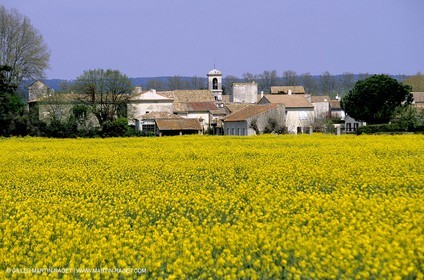 Rodilhan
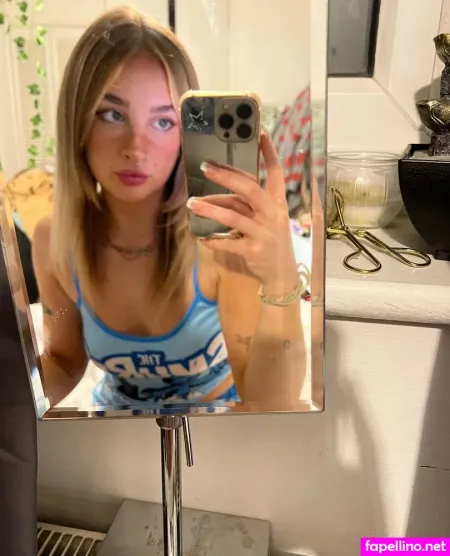Lilywright OnlyFans Thumbnail #oD9VmZsJ2x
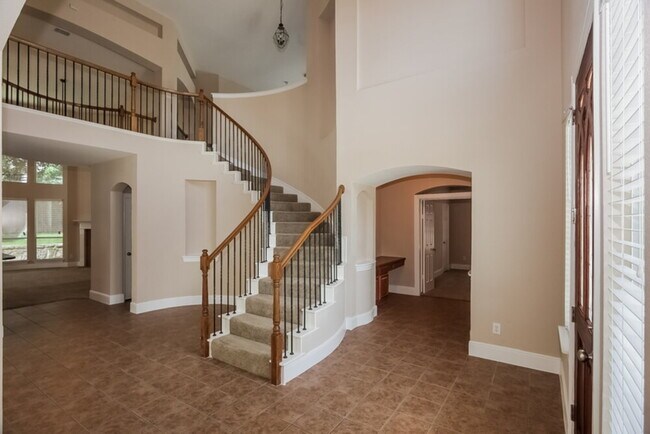 Foto del edificio - 3405 Marymount Dr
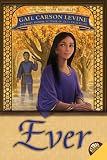 Ever (Enchanted)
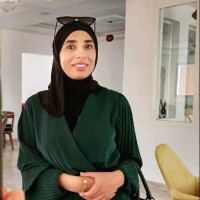Kaib Soumaya
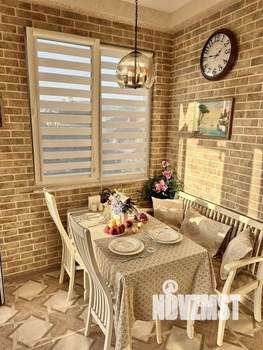 2-к квартира, на длительный срок, 50м2, 3/4 этаж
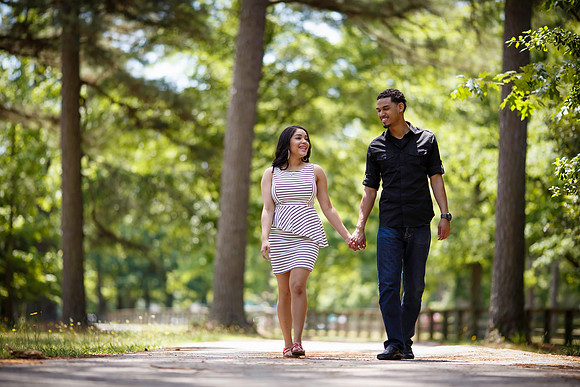 EmilyCarlos-Engagement-022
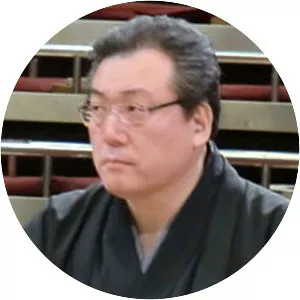 Masurao Hiroo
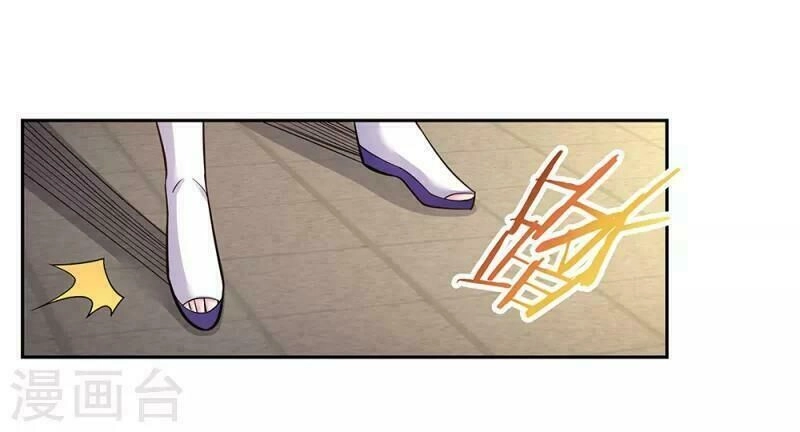 Tôn Thượng Chapter 17 - 4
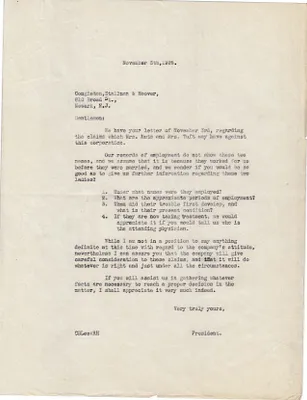 p. 1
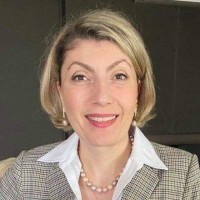 Teah Toidze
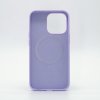 525 1 puzdro na iphone 13 heally magsafe fialove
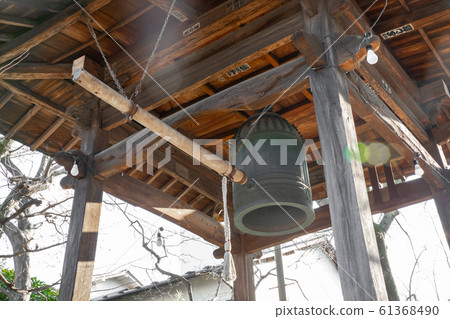 Night Bell Night Bell 61368490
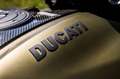 Ducati Diavel 1260 LAMBORGHINI - LIMITED EDITION NR. 431 OF 630 Vert - thumbnail 10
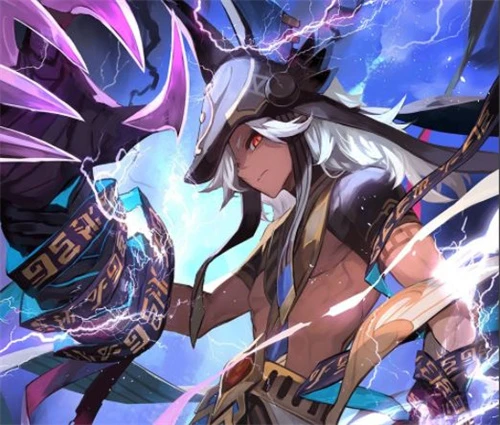 原神迪希雅和賽諾誰厲害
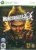 Mercenaries 2: World In Flames на xbox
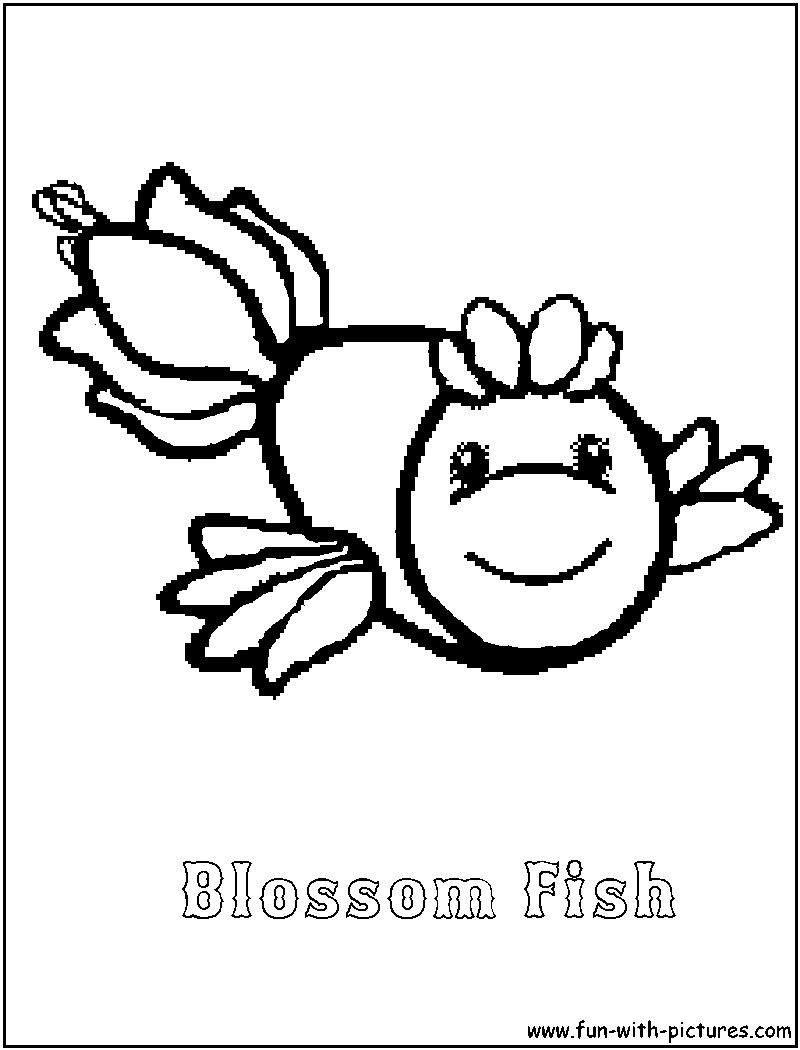 Webkinz Coloring Pages To Download And Print For Free 800x1050 Webkinz Coloring Pages To Download And Print For Free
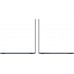 Ноутбук Apple MacBook Air A3240 M4 MW133HN/A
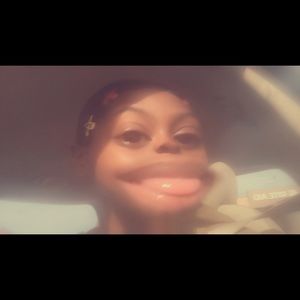 Meet your Posher, Yamarra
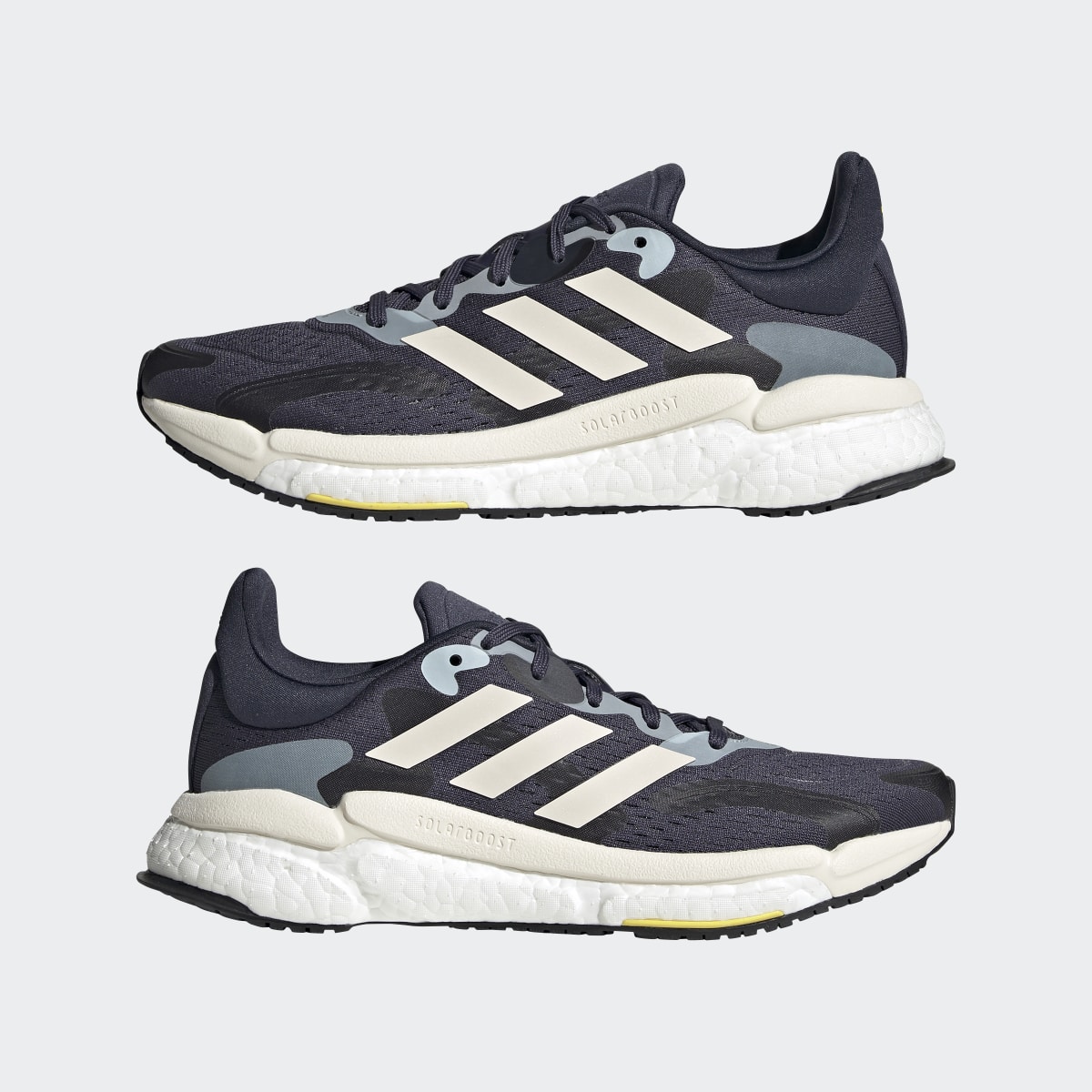 Adidas Chaussure Solarboost 4. 8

● ● ● ● ● ● ●

» WORK TASK:
Once you find the line containing "Masurao Hiroo", transcribe it and each line after it to the end of the records exactly, and leave out the pictures.

» RESULT OF THE EXERCISE:
 Masurao Hiroo
 Tôn Thượng Chapter 17 - 4
 p. 1
 Teah Toidze
 525 1 puzdro na iphone 13 heally magsafe fialove
 Night Bell Night Bell 61368490
 Ducati Diavel 1260 LAMBORGHINI - LIMITED EDITION NR. 431 OF 630 Vert - thumbnail 10
 原神迪希雅和賽諾誰厲害
 Mercenaries 2: World In Flames на xbox
 Webkinz Coloring Pages To Download And Print For Free 800x1050 Webkinz Coloring Pages To Download And Print For Free
 Ноутбук Apple MacBook Air A3240 M4 MW133HN/A
 Meet your Posher, Yamarra
 Adidas Chaussure Solarboost 4. 8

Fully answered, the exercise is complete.